On September 11, 2001, I was visiting Israel for a work trip and my mother in New York was worried about me as I spent the day with friends in the settlements, insisting that I call her the minute I arrive back to my Tel Aviv Hotel. I will never forget walking into my hotel, turning on the TV and seeing the “news alert” about 9-11, and calling my mother to make sure everyone was OK. Tragedy can hit anywhere, at any time.

My area on the Upper West Side wasn’t affected by Sandy, and today is our first day back to work although 5WPR, my PR firm, is in an office on 57th Street and 7th Avenue facing the crane you have all seen on the news.  Many New Yorkers weren’t as lucky — many of my co-workers remain without power, have lost belongings, have had their cars totaled, or experienced other major damage.

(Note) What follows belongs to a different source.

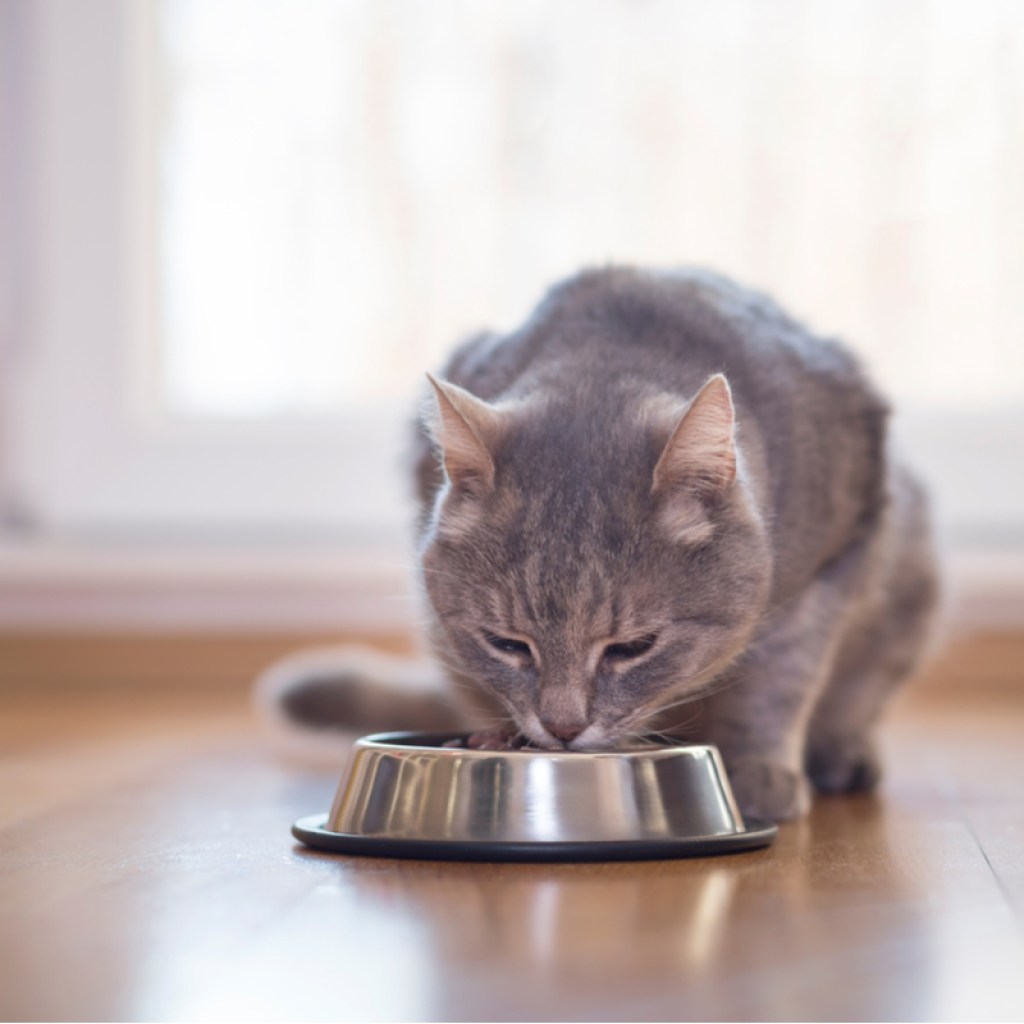 Grey cat eating out of a metal food bowl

The damage in NYC is real, palpable and something that has affected this city in a major way.

A friend of mine whose home was destroyed – a tough Russian Jew who escaped Soviet Communism — emailed:

First time I cried in years. All my kids’ history, memories, all the tapes, pictures, videos destroyed. Every personal item I own destroyed.

Of course all I can offer him is that life needs to go on – and it will.  My office is working and forging forward and slowly life will undoubtedly return to normal – but this isn’t some over-hyped media occurrence.  New York, New Jersey and the entire East Coast have been affected in a major way.

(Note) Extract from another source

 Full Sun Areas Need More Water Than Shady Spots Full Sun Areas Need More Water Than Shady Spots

Many Jewish institutions have been affected — Russian American Jewish Experience (RAJE), a Brighton Beach based charity I am on the board of — has had tremendous disruption and physical damage. The Brighton Beach Synagogue was flooded — the beit midrash (study hall), classrooms, hallways and elevator shaft were submerged in four feet of water.

The flooded beit midrash of the Brighton Beach Synagogue (photo credit: courtesy)

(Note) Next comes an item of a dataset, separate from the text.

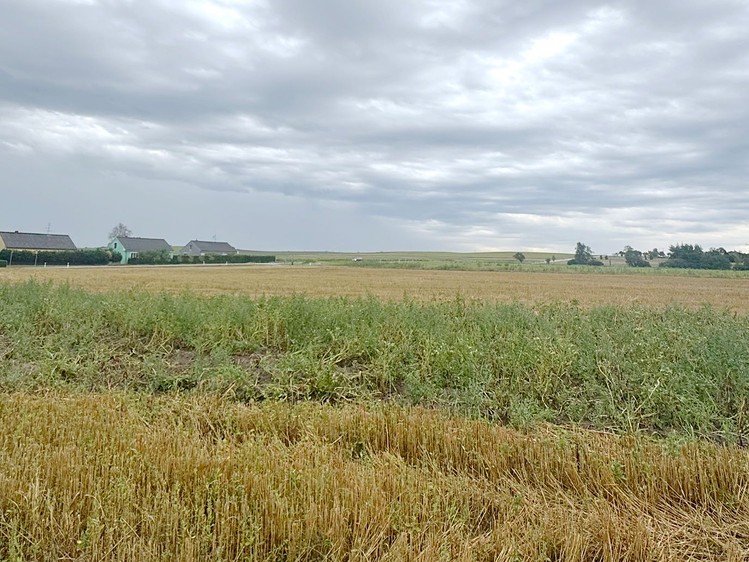 Ділянка на продаж, 1 242 м² (2 з 6)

The flooded beit midrash of the Brighton Beach Synagogue (photo credit: courtesy)

The lower-level large room, which we call “the Moadon,” used by the first level program, was under as much as 12 feet or water at the height of the flood and is still flooded. There is no electricity, land-line phone service, Internet or cellular service in the neighborhood. We’re beginning cleanup efforts and are working to raise immediate emergency funds.

Hurricane Sandy caused tremendous damage in New York City, and the aftermath is something we will deal with as a city for a while. Israel offers so many lessons on recovering from tragedy that New Yorkers can learn from. Of course, New York will recover.